Football Shirts in Dressing Room

Football Shirt Numbers: How Are They Assigned & Do Players Get to Choose Their Number?

On the back of every footballer’s shirt there are two distinguishing features, a name and a number. In most cases the name is a surname although the odd exceptions does apply, increasingly so in fact. Both Dele Alli and Memphis Depay, for instance, opt, to have their first name on their shirt for personal reasons. You then of course have the wide range of one-named Brazilians, partly because their names are often long and complicated to a foreign audience. Naming conventions are different in the various countries of the world too, so defining what exactly is someone’s surname is not always as straightforward as it may seem if your name is John Snith.

For the vast majority of players though, the name on their shirt will simply be the name they were born with so it is not something they need to think about. The number, however, is far more open to negotiation, with players often donning several digits over the course of their careers. Although there are numbering traditions that teams can, and often do follow, issuing non-standard numbers is far from uncommon should a player request it. Indeed, as with names, it is becoming more and more common for players to take an unusual shirt number.

Player Numbers: Who Decides?

Register Green Keyboard Button

In every football squad, each registered member of the senior team and often some of the top academy players, will be issued with a unique number. The club will have a deadline for submitting these numbers to the relevant authority e.g., the Premier League, but the approach they can take to decide the numbers can vary. Some teams may decide to give a lot of freedom to the players, letting them choose whatever number they want to wear, even if their selection is unusual.
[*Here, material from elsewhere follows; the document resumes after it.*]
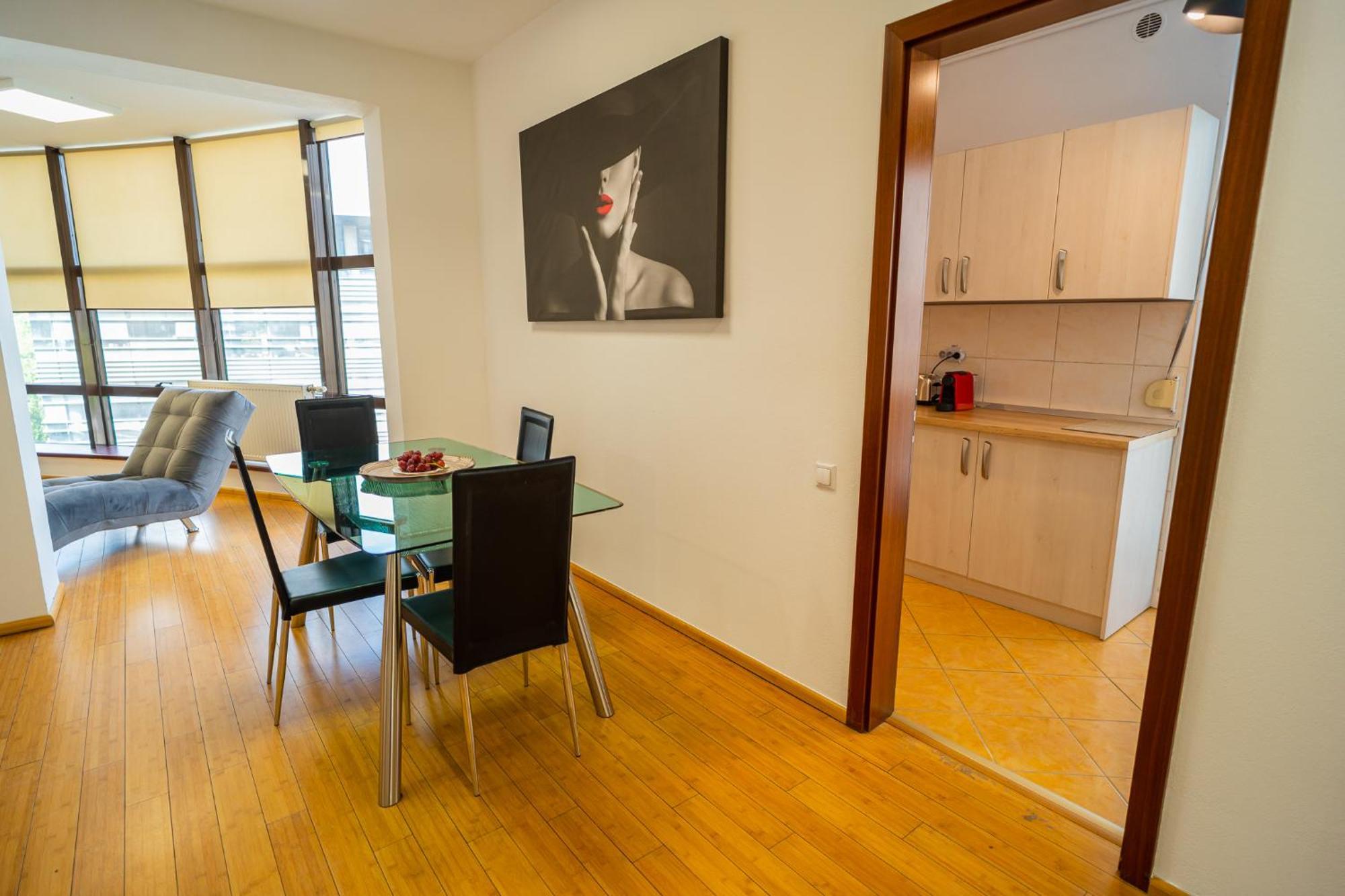 Amazing City View Residences - Penthouse & Apartment Bukarest Eksteriør billede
Other clubs will want to work within a more traditional framework, allocating numbers based on player positions, often with the perceived best XI taking the numbers from one through to 11. This is not to say though that they will not be open to the odd special request that comes their way. It is definitely true that some players have a sentimental attachment to a specific number but many others could not care less what they have on their back.

In the event that there are two (or more) players who wish to have the same shirt number, it is the club that ultimately makes the final decision. How they approach it can differ massively though. They could simply decide to give the number to the more senior player, or whoever had the number the previous year. Alternatively, they could tell the players themselves to come to some sort of agreement rather than having to pick sides. It is very rarely the cause of any serious arguments though because teammates hardly want to fall out over a quite a trivial matter.

It is also worth noting that a player can hold more than one number should their team be involved in a UEFA competition or a player represents their country. This is because competitions like the World Cup or Champions League require separate squad registrations.

Can Numbers Be Changed?

Blue Number 10 Football Shirt

Once a player has been allocated a number, this is the number they will have for the remainder of the season in most cases for domestic matches. Normally, a player will only be able to change numbers in one of two circumstances. The first is that they swap clubs, either on loan or as part of a permanent transfer. Even if their existing number is vacant they are under no obligation to stick with what they had at their former club. The other time a player can change their selection is if a number that was previous taken becomes vacant because of an outgoing transfer at their club.

When Crystal Palace confirmed the sale of Yannick Bolasie to Everton, this freed up the rather sought after number 10 shirt. Although now Everton player Andros Townsend was registered with the number 17 Palace shirt at the time, Bolasie’s departure allowed a rare switch to occur.

In the Premier League handbook, Section M: Players’ Identification and Strip states that “upon a player leaving a club the shirt number allocated to him may be re-allocated.” This enabled Townsend to change even though the season had already begun. The winger was, however, kind enough to cover the cost of replacing the number for any fan who had bought a shirt with the former pairing of Townsend and 17.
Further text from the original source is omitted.